Despite its broad use in previous research, the TOAST classification system is known to classify a high proportion of strokes into the heterogenous group of ‘stroke of undetermined etiology’ [42] which might have biased our results. Nonetheless, it is more important that the groups of lacunar stroke, cardio-embolic stroke and stroke due to large artery arteriosclerosis were well defined. Any misclassification of stroke subtypes as stroke of undetermined etiology would most probably not depend on ACR and thus might have weakened, but not inflated our results.

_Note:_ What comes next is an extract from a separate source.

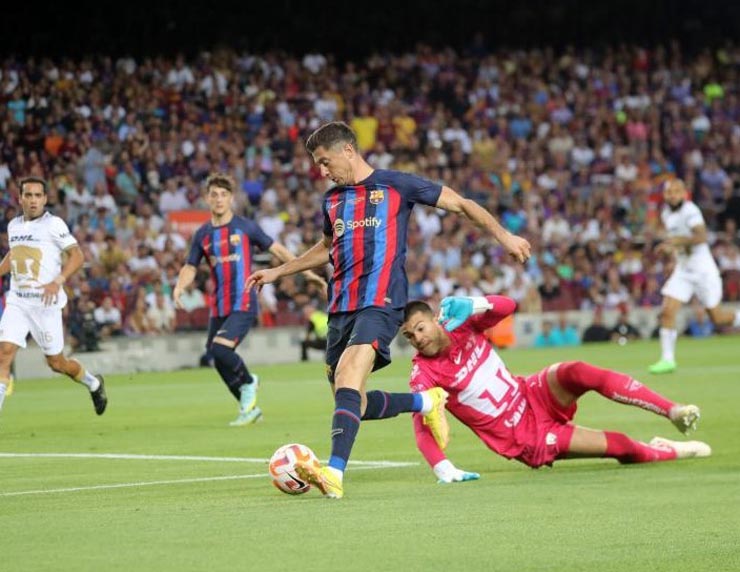 Lewandowski ghi bàn sau 3 phút giúp Barca đoạt cúp, gửi &#34;chiến thư&#34; đến Benzema - 1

Notwithstanding this, the inter-rater reliability for ischemic stroke subtypes was moderate and may have led to non-differential misclassification and a possible reduction of the estimates. Furthermore, we could not compare all first ever stroke subtypes with each other, because we identified and categorized only first ever stroke diagnosis.

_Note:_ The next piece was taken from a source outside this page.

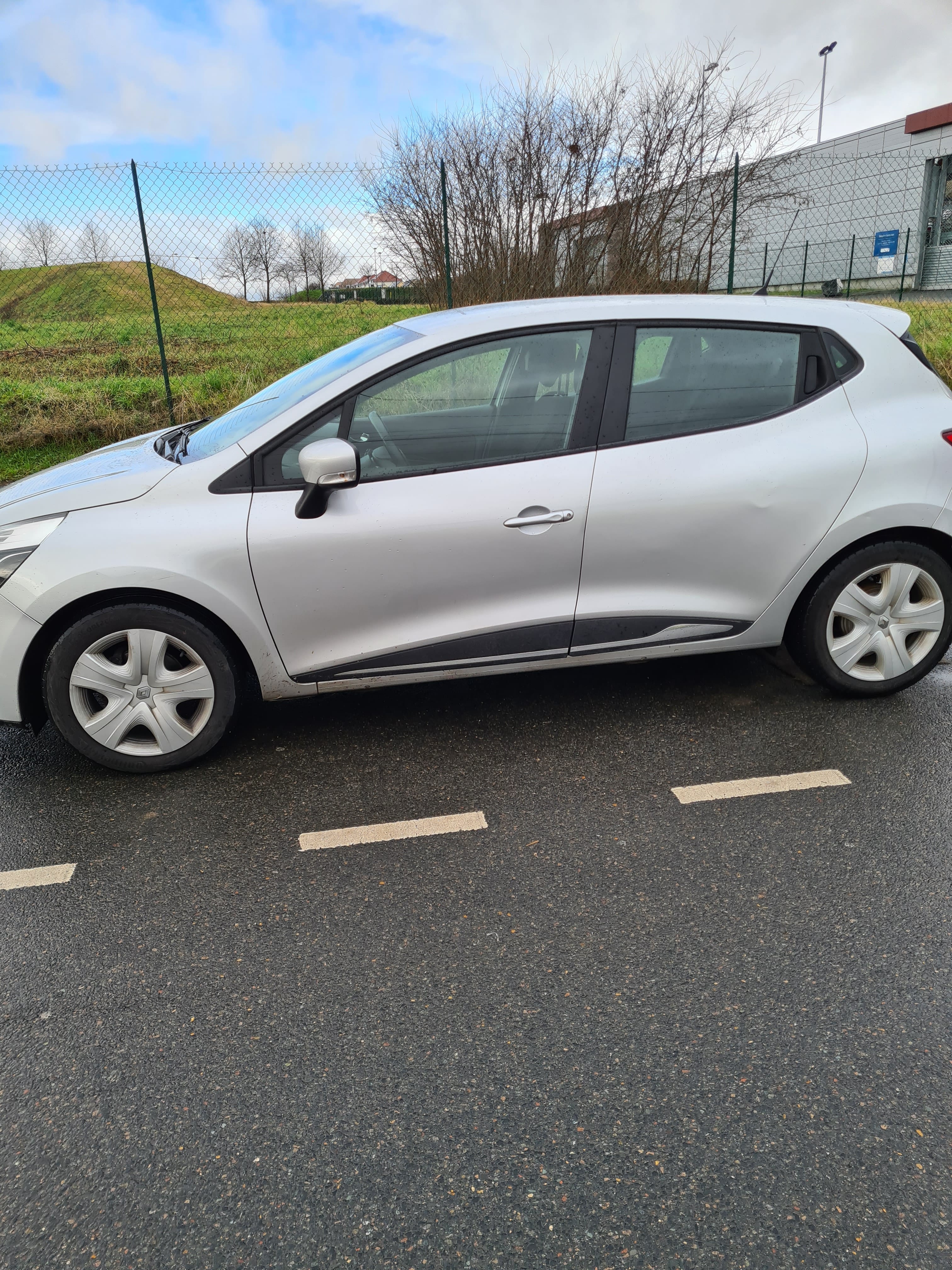 Renault Clio avec Climatisation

It should be noted that we lacked information on the specific type of antihypertension medication which may have been important because angiotensin-converting enzyme inhibitors and angiotensin receptor blockers reduce albuminuria [13, 43].

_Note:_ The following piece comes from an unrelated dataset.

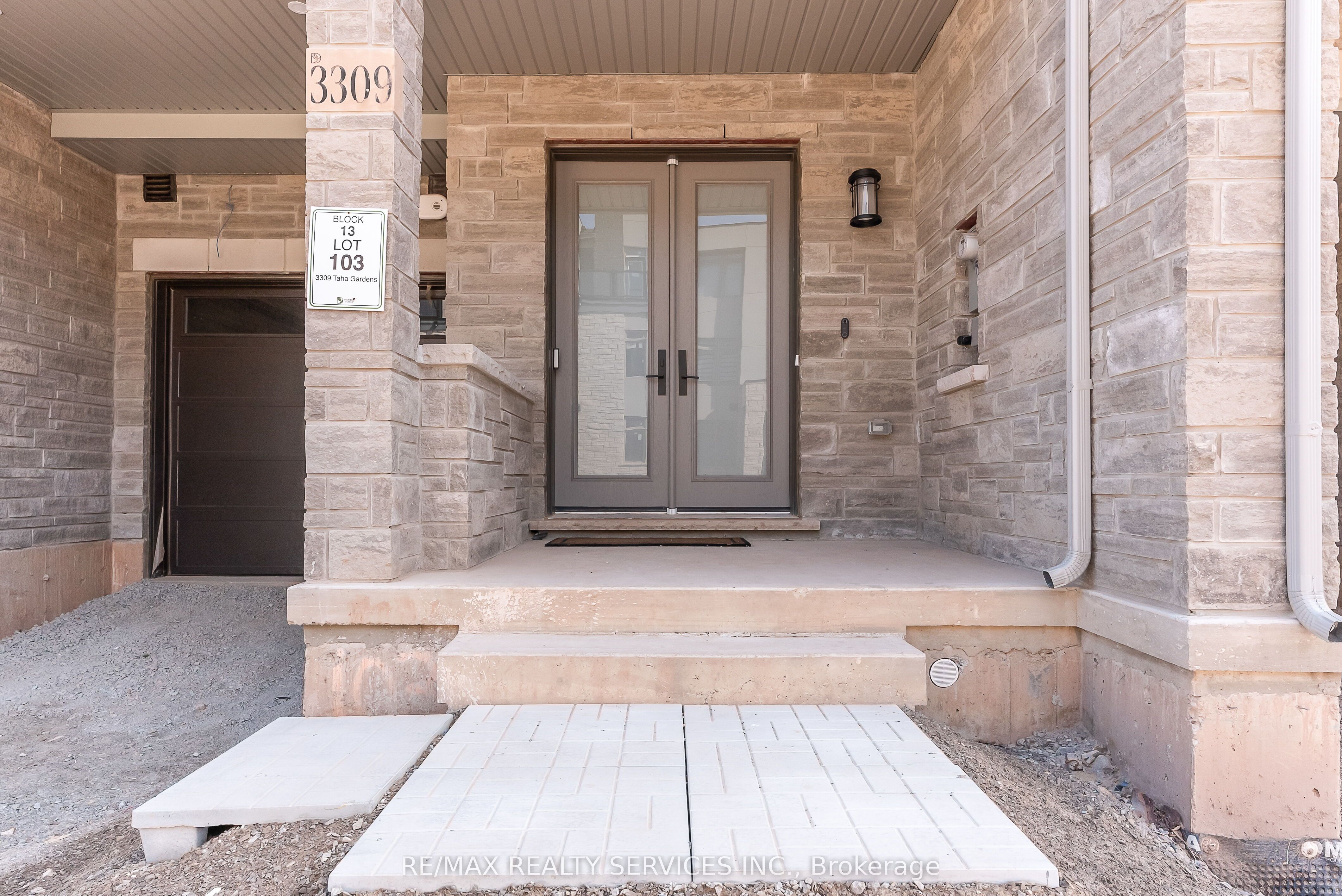 Additional image 2 of 3309 Taha Gardens, Oakville, ON, L6M 5R9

Only strokes diagnosed in a hospital were included, and thus we were unable to factor fatal strokes that occurred outside the hospital as well as non-fatal strokes not admitted to hospital. However, despite this in our inter-rater reliability analysis, our specificity was 100%. We shall emphasize that with perfect specifity, lower sensitivity, in absence of a differential misclassification, does not bias the risk ratios [44].

Participants collected urine samples at home, and we cannot completely rule out the possibility of interchanging urine samples or contamination, although they were orally and written informed how to collect urine and recommended to store the urine samples in a refrigerator until returning to the laboratory. We expect this error to be unrelated to the risk of stroke, and thus such a non-differential misclassification is likely to bias our results only toward the null. We therefore might under-, but not overestimate the effect of albuminuria on stroke risk in our study.

Originally, the Microalbuminuria study investigated whether the presence of microalbuminuria can be used to predict cardiovascular morbidity and mortality in diabetic and hypertensive patients and for comparison also a sample was drawn among those free of these conditions [17]. Due to this selected population our data are not directly generalizable to other settings. Furthermore, participants were almost exclusively of Caucasian origin, therefore our findings in this Norwegian study might not be directly applicable to other populations.

Conclusions

In conclusion, our findings suggest that low-grade albuminuria is an important risk factor for ischemic stroke especially for the lacunar subtype. Further studies are necessary to confirm that elevated ACR at relatively low values can increase the risk for lacunar stroke or other degenerative or vascular changes in the brain due to CSVD. Measuring albuminuria is cost effective and easily available. This will afford us the opportunity to estimate the risk for endothelial dysfunction and thus further assess the risk for stroke, stroke subtypes and CSVD.